A Mother on Father's Day

The wind is cold and I am shivering. The sky is overcast. I turn to the mom next to me on the bleachers and say, "He is NEVER playing football! If I am this cold in June, imagine how I would be out here in November!" I turn back to watch Taiger warming up out on the field. I see him through my "Mother Eyes". His pants are getting short, I need to go get him some new ones. Is his hat staying on over his cornrows? Maybe I should have redone the ends. I am so glad his t-ball shirt was out of the drier in time for today. I wonder if he is too cold...he said he was okay, but maybe he needs a jacket on top of his long-sleeve shirt under his shirt...but three shirts plus a jacket? Would that just be a bit much? He is so cute out there...by FAR the cutest on the team. Look at that cute smile!

I see the coach walking toward me. I know what he is going to say. I kind of want to just stay sitting still and try and keep warm. I am the only Mom on the team who goes out and helps coach on the diamond during the games. Usually there are a couple of Dads out there, too. But no moms. The moms sit on the bleachers chatting and cheering. Today, they are wrapped in blankets staying warm. Moms watch. Dads help. That is where Dads are meant to be. Out there, doing boy things.

My hands are like ice. I stuff them in my hoodie pocket and stand up as the coach looks at me and says, "You ready?" He counts on me now. At the first practice he asked if anyone could come out and help. I jumped up and hurried to third base to help. There were no dads at that practice. It was at 5:00, and I guessed they were all still at work. But when coach asked for help,I was the only Mom who went out. I guessed the t-ball field was the dad's place. I was the only mom on the field. I talked to the boys, told them they were doing well, reminded them to catch the ball or run to home.

I nod at the coach and hurry to first base. Now, I am a Dad. It takes me a second to get out of Mom mode, and as the first little player hits the ball and starts running in the wrong direction (OF COURSE!), I shout, "Run this way, darling!" I freeze! Did I just shout the word, "Darling"? Dad mode, Dad mode, Dad mode.

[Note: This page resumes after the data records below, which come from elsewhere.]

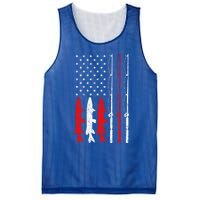 Fishing Rod American Flag Vintage Fishing Gift For Fisher Gift Mesh Reversible Basketball Jersey Tank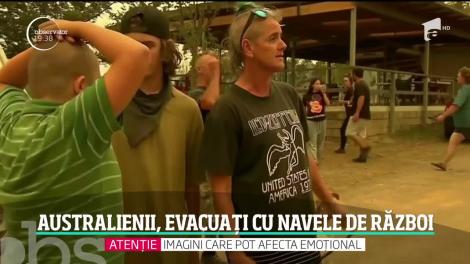 Stare de urgenţă în Australia. Locuitorii sunt evacuați cu nave de război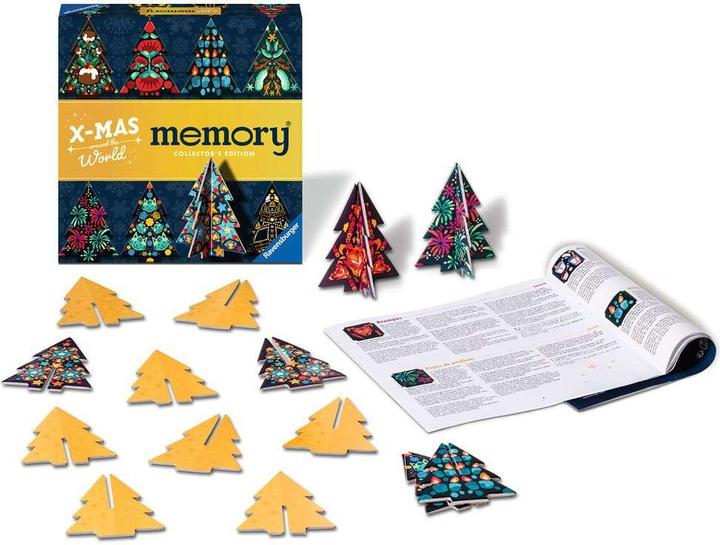Actual product image Ravensburger 22350 Collector's memory® Christmas - The world-famous memory game with (German, Spanish, French, Dutch, Japanese, Italian, Portuguese, English)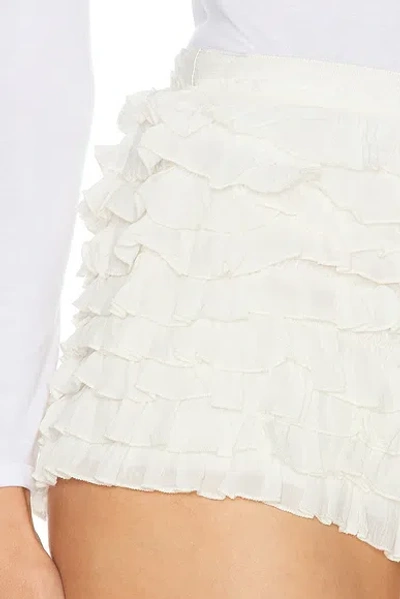 Loveshackfancy Prudence Short In White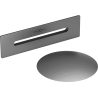 Mexen Uni drain with overflow for freestanding bathtub, brushed gun gray - 5100-66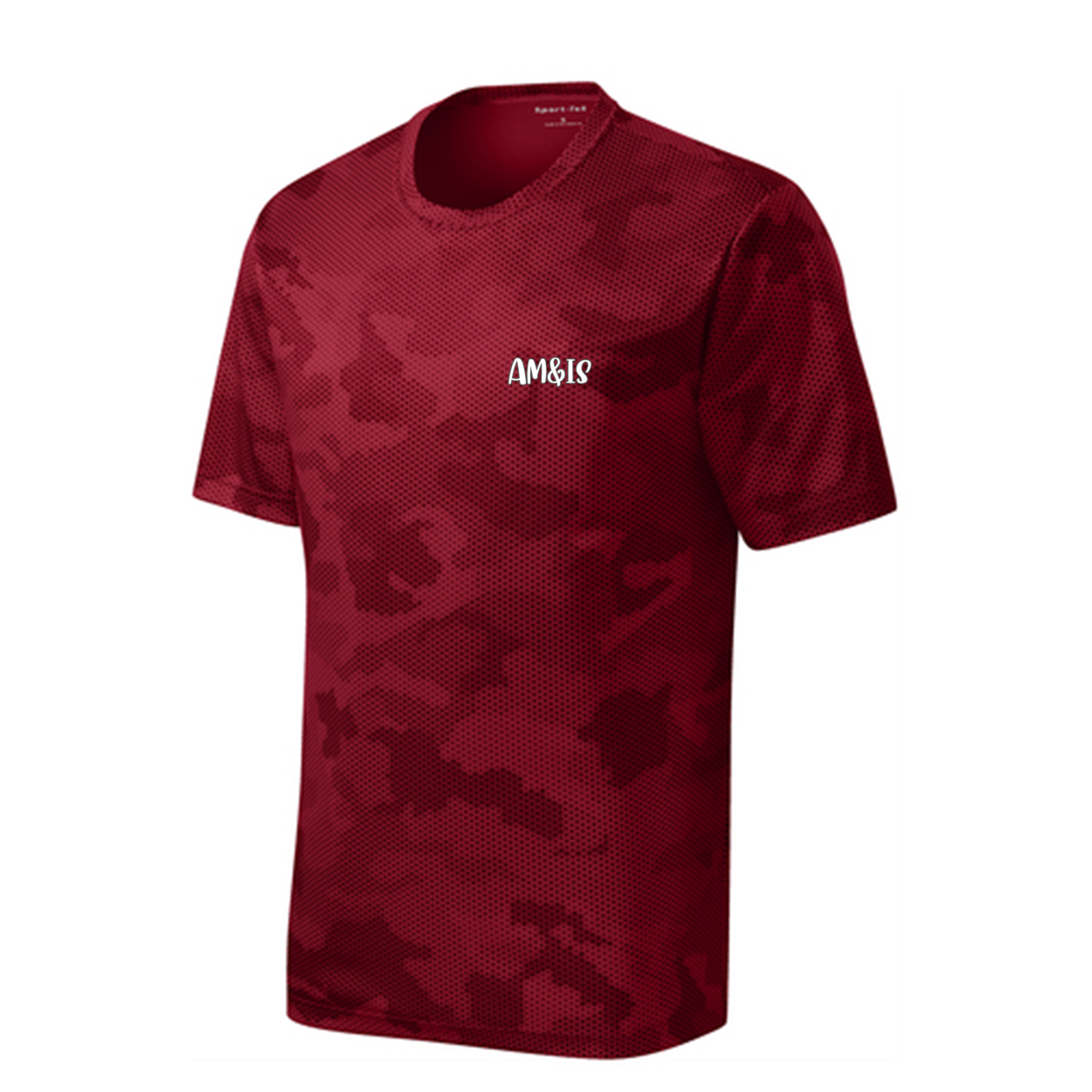DEEP RED - Am&Is Activewear Sport-Tek® Youth CamoHex Tee - kids t-shirts at TFC&H Co.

The next player runs to first. I give him a rough "good job" pat on the back. There, much more masculine. I remind him where to run next (it is hard for little players to remember which way to run!), over to second. I have my red ball cap on. I look like a coach. I jump up and down to get warmed up. I look at the moms on the bleachers. Some aren't even watching as their kids play. Sure, they pull out the camera when they are up to bat, but they are busy. They are doing Mom-ish things...watching their other kids, talking on the phone, talking to the other moms on the bleachers about swimming lessons and dance lessons and I see them chatting and laughing.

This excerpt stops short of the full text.